The above numbers are all theoretical limits. In practice, you will likely run into some severe performance issues long before you get to those sizes. Some of the factors to consider here are:
• | File system performance on large files. All file systems slow down (quite substantially) when dealing with very large files, because of the need to employ some kind of hierarchical pointer structure in order to locate the physical disk block associated with a particular logical position in the file. The details may vary between file system types, but I have not been able to locate a definitive reference to which file system(s) are the best for such large files. |
• | Cache efficiency falls dramatically with such large files, because the nature of ISAM leads to random jumps all over the file. Other than the first couple of levels of the index, the rest of the accesses in both the index and data files is likely to uniformly spread, meaning that the cache efficiency will not be much better than the raw ratio of the amount of cache memory available to the size of the files. |
• | Because of the cache problem, you quickly run up against the raw random access performance of the disk drive. With a typical 7200 RPM drive offering 8 ms average seek time, your total time to read a random record is going to be 8 ms (seek) + 4 ms (latency) = 12 ms, or about 85 reads or writes per second (not counting transfer times, scheduling delays, etc.) So, if you wanted to scan a billion record file in index order, even if the index accesses are totally cached, each data read will probably require a seek, and thus it would take over 3000 hours! Operations requiring random index seeks, such as lookups, adds, and deletes, would be considerably slower still. |
Obviously you would want to go with the fastest possible drives (15K RPM and 6 ms average access would cut the overall access time by 1/3) and as much RAM as you can possibly get. Also, splitting the index and data across two drives would help considerably.

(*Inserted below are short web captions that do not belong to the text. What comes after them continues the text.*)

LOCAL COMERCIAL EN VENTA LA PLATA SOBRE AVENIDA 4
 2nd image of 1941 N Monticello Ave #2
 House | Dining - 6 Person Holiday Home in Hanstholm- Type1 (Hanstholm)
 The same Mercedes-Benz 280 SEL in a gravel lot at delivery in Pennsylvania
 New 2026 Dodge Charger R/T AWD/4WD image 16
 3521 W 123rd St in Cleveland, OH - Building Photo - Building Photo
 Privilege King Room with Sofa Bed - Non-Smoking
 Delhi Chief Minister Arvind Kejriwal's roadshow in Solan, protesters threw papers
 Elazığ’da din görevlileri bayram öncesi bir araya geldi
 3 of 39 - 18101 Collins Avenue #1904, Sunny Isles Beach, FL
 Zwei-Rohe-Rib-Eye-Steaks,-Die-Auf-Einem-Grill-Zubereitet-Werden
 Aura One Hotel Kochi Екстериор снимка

But the biggest help would come from restructuring your data to reduce the size of any individual file. Within reason, you'll get much better performance by having more, smaller files.
For example, even though it might not be that elegant, if you had a transaction history file with 120 million records, you would probably get better performance by splitting it into 12 files of 10 million records each (one file per month).